I came today upon a very strange issue. It seems like MySQL is unable to utilize a compound index when evaluating a plan for a query with a range condition. I’m looking for an explanation. I’ll appreciate any insight on this.

Take a look at the following table:

CREATE TABLE `t` (
  `a` int(11) NOT NULL default '0',
  `b` int(11) NOT NULL default '0',
  `c` int(11) default NULL,
  PRIMARY KEY  (`a`,`b`)
) ENGINE=InnoDB DEFAULT CHARSET=latin1

Filled with this data:

mysql> SELECT * FROM t;
+---+---+------+
| a | b | c    |
+---+---+------+
| 1 | 1 | NULL |
| 1 | 2 | NULL |
| 1 | 3 | NULL |
| 1 | 4 | NULL |
| 1 | 5 | NULL |
| 2 | 1 | NULL |
| 2 | 2 | NULL |
| 2 | 3 | NULL |
| 2 | 4 | NULL |
| 2 | 5 | NULL |
+---+---+------+
10 rows in set (0.00 sec)

Now, it is known that I can query by tuples:

mysql> SELECT * FROM t WHERE (a,b) < (2,2);
+---+---+------+
| a | b | c    |
+---+---+------+
| 1 | 1 | NULL |
| 1 | 2 | NULL |
| 1 | 3 | NULL |
| 1 | 4 | NULL |
| 1 | 5 | NULL |
| 2 | 1 | NULL |
+---+---+------+
6 rows in set (0.00 sec)

MySQL understands tuple comparison (e.g. (a,b) < (2.2)) and returns correct results. Now here’s my issue: I would assume the PRIMARY KEY is used – since it’s on (a,b) – so that’s a simple (well, compound) range condition. Alas:

mysql> EXPLAIN SELECT * FROM t WHERE (a,b) < (2,2)G
*************************** 1. row ***************************
           id: 1
  select_type: SIMPLE
        table: t
         type: ALL
possible_keys: NULL
          key: NULL
      key_len: NULL
          ref: NULL
         rows: 10
        Extra: Using where
1 row in set (0.00 sec)

We get a full table scan! Now, MySQL has no problem when I do an equality search (e.g. (a,b) = (2,2)). In that case, the PRIMARY KEY is utilized.

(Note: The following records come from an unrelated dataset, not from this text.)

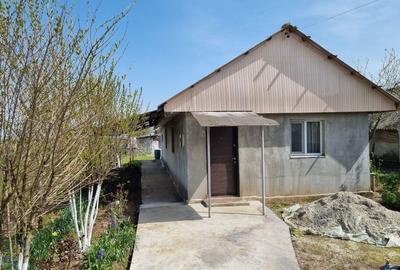 Casă cu 2 camere în Copaciu - 8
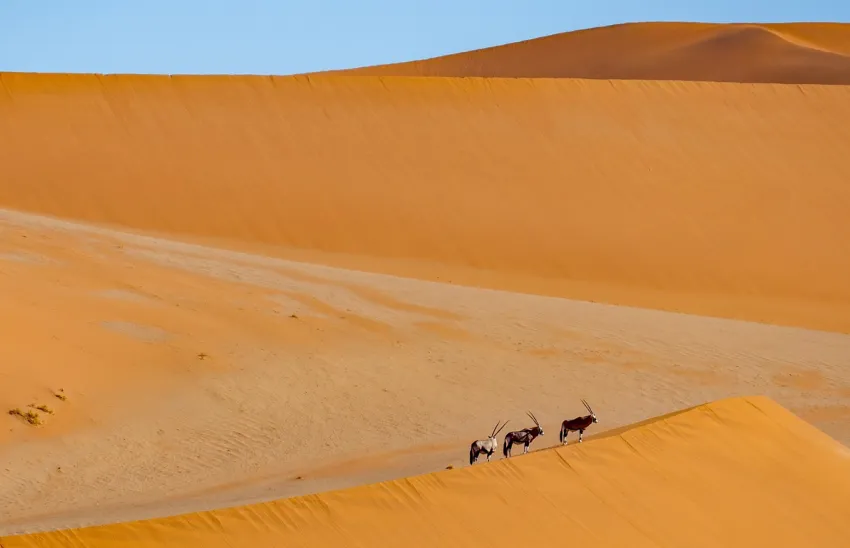 Atrakcyjne wydmy Sossusvlei w Namibii - idealne miejsce na trekking
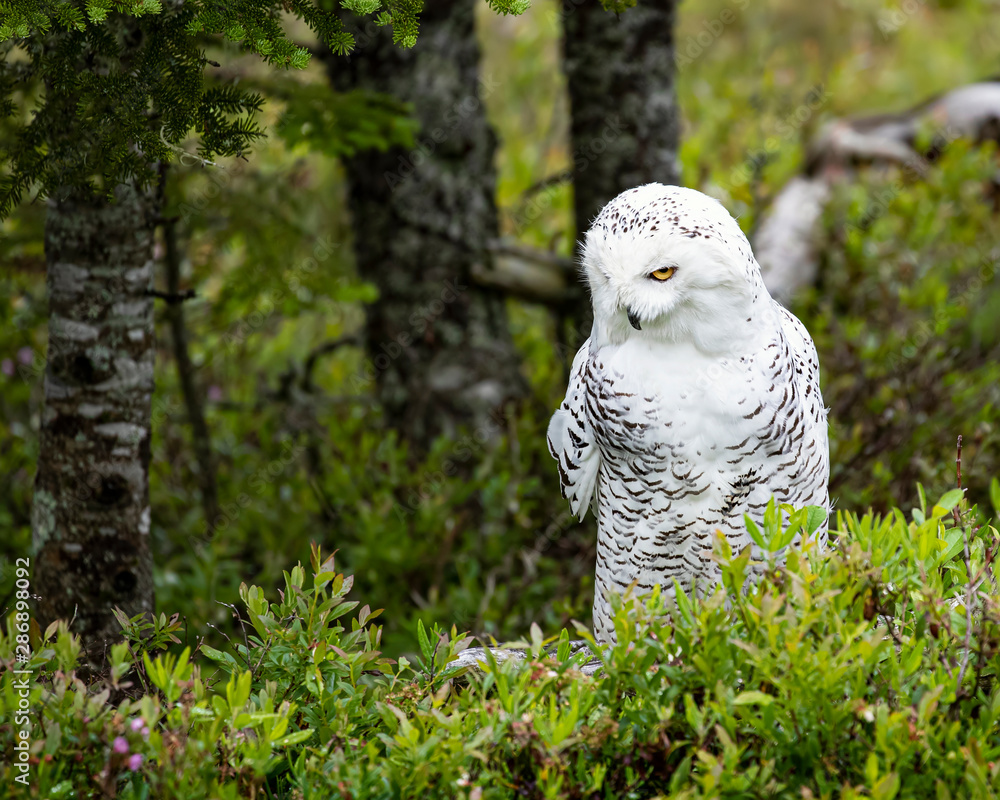 Fototapeta premium Snowy Owl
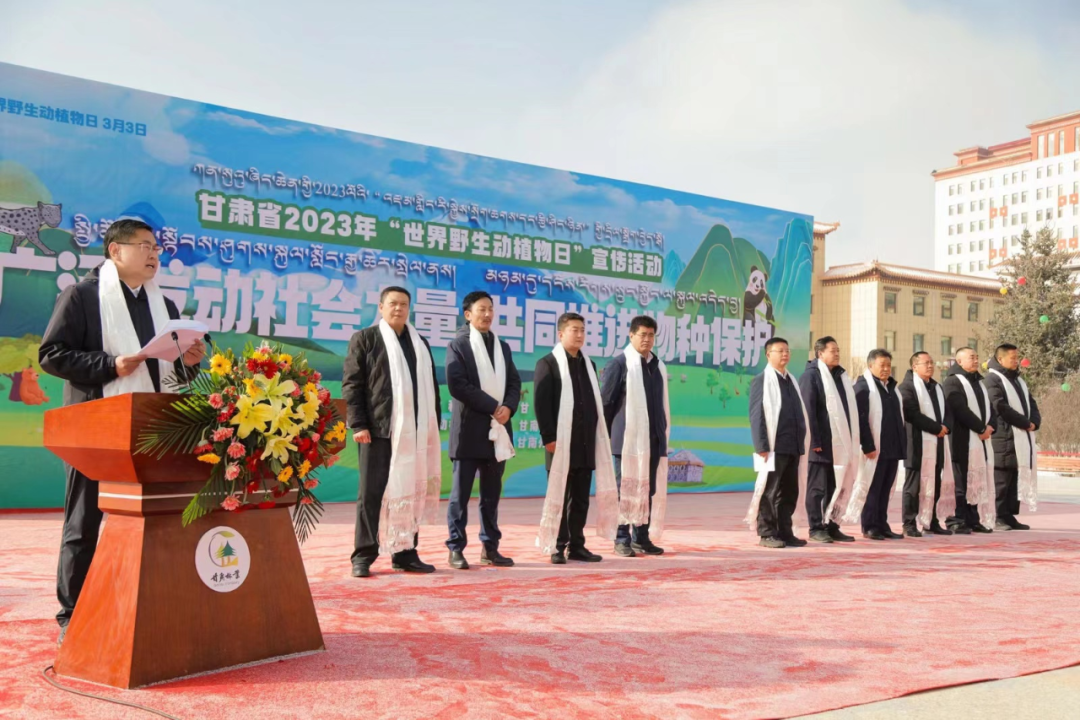 202303061678095025120476.png 1.png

Why, then, would it not use it in the range query? Why would it not consider it as a possible key (I could live with FORCE KEY if that would solve the problem). This problem undermines some efforts of mine for nice optimization tricks.

[UPDATE: the above is a simplified version of a very large table I was using (~50M rows, ~30GB), and on which same results were achieved]

Any ideas or suggestions?

25
Leave a Reply

avatar
25 Comment threads
0 Thread replies
0 Followers
 
Most reacted comment
Hottest comment thread
10 Comment authors
Rick JamesXaprbShantanu OakDean Ellishartmut Recent comment authors

This site uses Akismet to reduce spam. Learn how your comment data is processed.

  Subscribe  
Notify of
Roland Bouman
Guest

Hi Shlomi!

I think this is because you have such a smalll dataset – just 10 wee rows.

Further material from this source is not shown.